# how cute......



## frags (Feb 5, 2009)

Frenchies at 3 weeks old :001_tt2:


----------



## frags (Feb 5, 2009)

oh and heres a sticky up eared bun lol


----------



## LittleFluff (Jun 5, 2008)

Awww they are so cute I love their little ears!


----------



## Badger's Mum (Mar 23, 2009)

I want your baby's


----------



## kelseye (Aug 16, 2009)

lol iwant your babys to lol


----------



## AmyCruick (Jul 20, 2009)

Awww frags they are so sweeeet!!  I love the little sticky up eared one just for being different! he he!


----------



## Badger's Mum (Mar 23, 2009)

AmyCruick said:


> Awww frags they are so sweeeet!!  I love the little sticky up eared one just for being different! he he!


Lol i think that's the one i'm having


----------



## Kammie (Apr 4, 2009)

I want the sticky up eared one, Is it female? If so can I have her? I am looking for a friend for George afterall.


----------



## umber (Feb 15, 2009)

I want your babies 3!


----------



## frags (Feb 5, 2009)

the sticky up eared 1 is a broken/butterfly opal same as mummy im unsure of the sex but i have 2 of those colours 
chris are you still interested in buns?


----------



## frags (Feb 5, 2009)

wow you all want my babies  lol i have 4 human babies if anyone wants them?


----------



## Kammie (Apr 4, 2009)

Bids for Frags' human babies start at £10...Begin...Anyone...No one, sorry Frags it seems you may have to keep them.


----------



## frags (Feb 5, 2009)

Kammie said:


> Bids for Frags' human babies start at £10...Begin...Anyone...No one, sorry Frags it seems you may have to keep them.


 dam!!!


----------



## frags (Feb 5, 2009)

just been out and 1 looks like a buck and the other looks like a doe but this could be an undeveloped penis will be easier to tell in 3 weeks time.


----------



## Kammie (Apr 4, 2009)

Come on be a girly.


----------



## HayleyD (Aug 18, 2009)

They are adorable! Do you find it difficult to part with them?


----------



## frags (Feb 5, 2009)

HayleyD said:


> They are adorable! Do you find it difficult to part with them?

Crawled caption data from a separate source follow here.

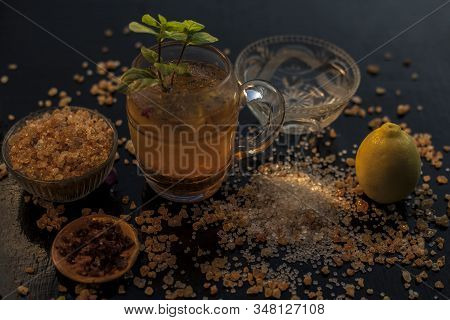 Special Gond Katria Summer Drink In A Glass Mug On Wooden Surface With Some Black Pepper And Lemon J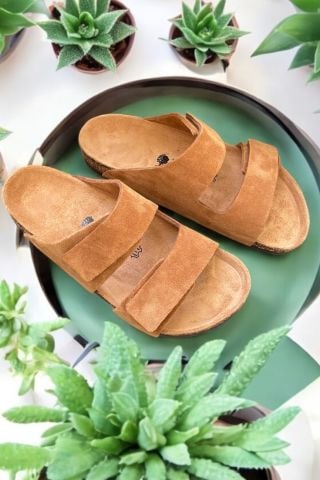Land of Cork Unisex Hakiki Süet Deri, Doğal Mantar Taban, Ark Destekli, Cırtlı Ayarlanabilir Sandalet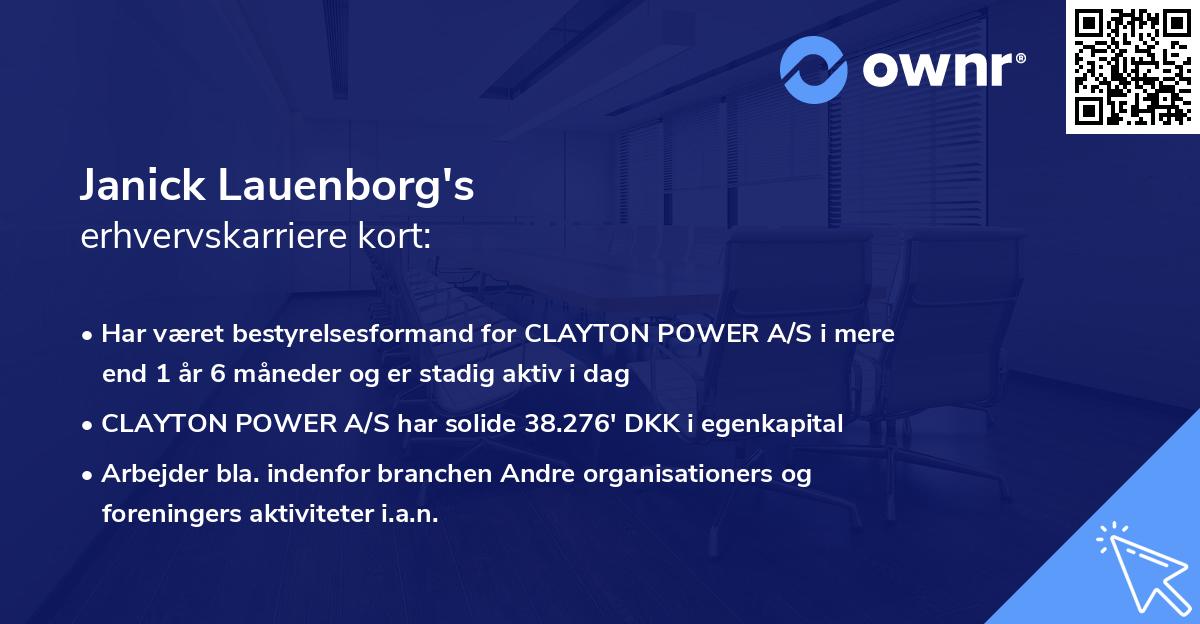 Janick Lauenborg's erhvervskarriere kort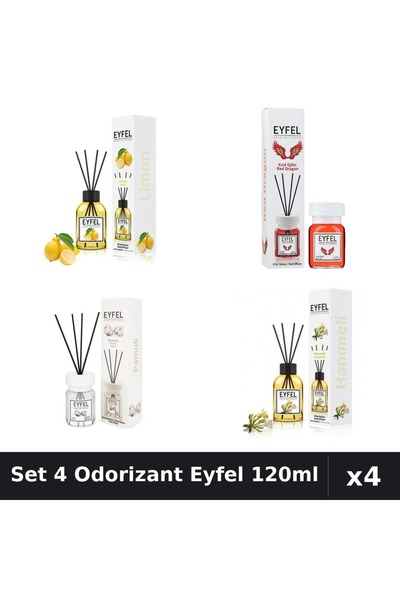 Eyfel Set 4 Odorizante Camera Betisoare, Bumbac, Lamaie, Mana Maicii Domnului...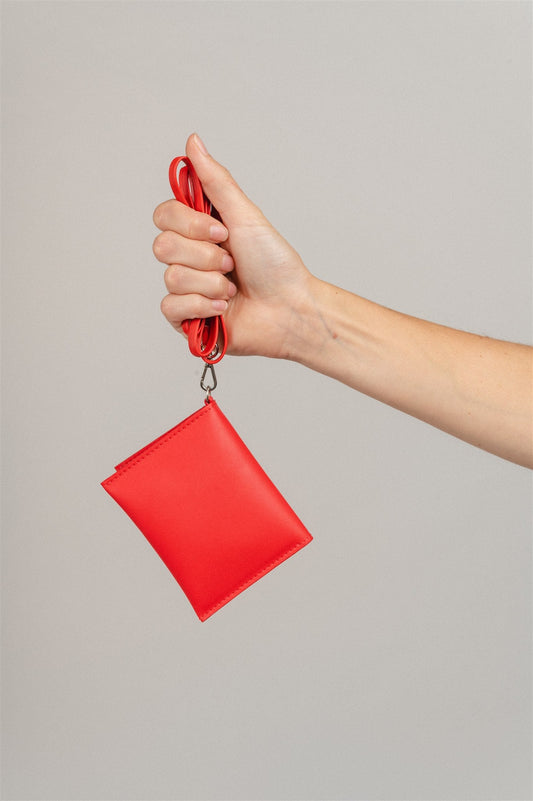 Porte-monnaie rouge en matières recyclées - wallet red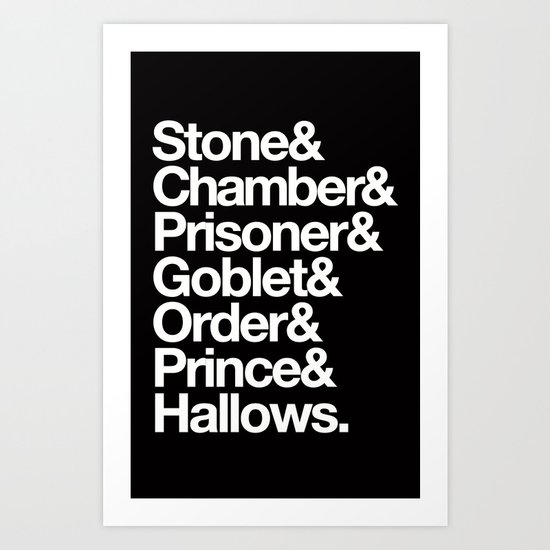 Stone & Chamber & Prisoner & Goblet & Order & Prince & Hallows Helvetica Art Print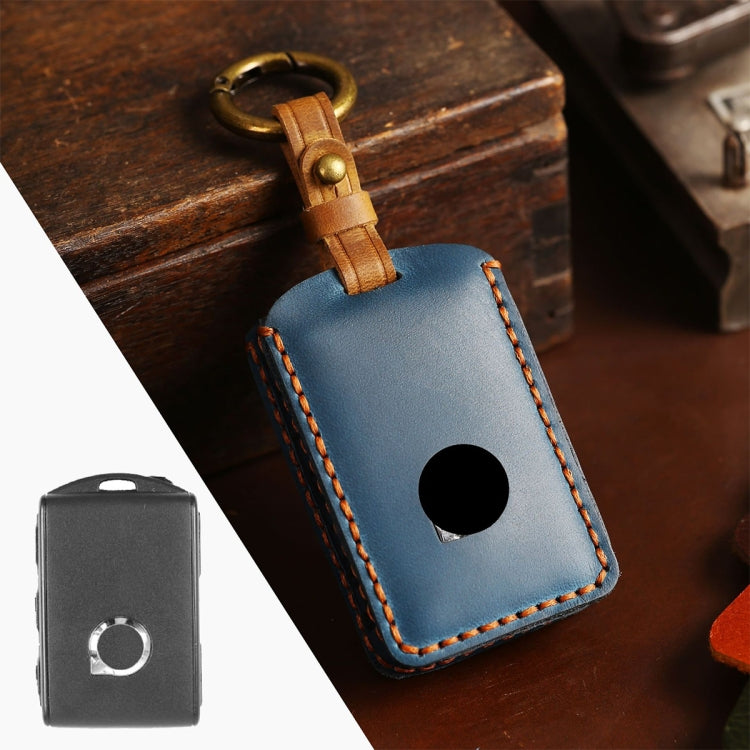 For Volvo Car Cowhide Leather Key Protective Cover Key Case (Blue) by buy2fix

by the time they become 8-10 weeks old ive had enough and glad to see them go  they also eat me out of house and home!!
although this time i have 3 faves so it could be hard, i like the opal the isabella and the blue ut:


----------



## Kammie (Apr 4, 2009)

The blue is mine!


----------



## vet-2-b (Sep 25, 2008)

there gourges my old rabbit was blue mini lop looked excacly like yours


----------



## frags (Feb 5, 2009)

Kammie said:


> The blue is mine!


Maximus is marcs  and its a buck :001_tt2:


----------



## frags (Feb 5, 2009)

vet-2-b said:


> there gourges my old rabbit was blue mini lop looked excacly like yours


im hoping he will grow to look like the frenchie on the new pets at home advert


----------



## Kammie (Apr 4, 2009)

frags said:


> Maximus is marcs  and its a buck :001_tt2:


Can't he have a sex change?


----------



## frags (Feb 5, 2009)

Kammie said:


> Can't he have a sex change?


im not that qualified but i can try?  :001_tt2:


----------



## Kammie (Apr 4, 2009)

Go for it then "she'll" be mine!


----------



## kellyrich (Jan 8, 2009)

They Are Yummy Scrummy Frags, Love The First One!!:d


----------



## Kammie (Apr 4, 2009)

Kelly your alive!


----------



## kellyrich (Jan 8, 2009)

Kammie said:


> Kelly your alive!


ha ha i am!! 

Just been so busy at work and been away on holiday and just been a bit jam packed lately so havent been on here but trying to get back on now and again!!

Hope you are ok xxx


----------



## Kammie (Apr 4, 2009)

kellyrich said:


> ha ha i am!!
> 
> Just been so busy at work and been away on holiday and just been a bit jam packed lately so havent been on here but trying to get back on now and again!!
> 
> Hope you are ok xxx


Yeah I'm ok, we've missed you not being around for ages. How was the holiday and where did you go? <Hijacks the thread>


----------



## umber (Feb 15, 2009)

OMG KELLYYYYYYYYYYYYYYYYY! I Was just thinking of you yesterday evening and was going to ask Frags for your email how on earth are you???? And how is that gorgeous Stanly of yours? Dont ever go on holiday again if it means you desert us!


----------



## kellyrich (Jan 8, 2009)

Kammie said:


> Yeah I'm ok, we've missed you not being around for ages. How was the holiday and where did you go? <Hijacks the thread>


i think we have now officaially hijacked Frags' thread!! 

We went to Turkey and it was lovely but it was soooooooo hot and it was the end of September too!! But great to get away!! Missed Stanny boy though but he was nawty cos when we got him back home he had suddently turned and got un-litter trained so hes a nightmare at the moment!!


----------



## kellyrich (Jan 8, 2009)

umber said:


> OMG KELLYYYYYYYYYYYYYYYYY! I Was just thinking of you yesterday evening and was going to ask Frags for your email how on earth are you???? And how is that gorgeous Stanly of yours? Dont ever go on holiday again if it means you desert us!


Ello Umber!!

Hows the pregnancy? All good so far i hope!!

Ive got a bit of catching up to do i think!!

Stan is doing great apart from what i wrote in my post above!! But i have some more pics to post on here when i get round to it so you can all see my little (big) baby!! Love him to bits!! Hope Flake and Daisy are ok!! xxx


----------



## Kammie (Apr 4, 2009)

Can't wait the pics of Stan haven't seen his little face around here for a while now. As for the hijacking I don't think Frags will mind too much.


----------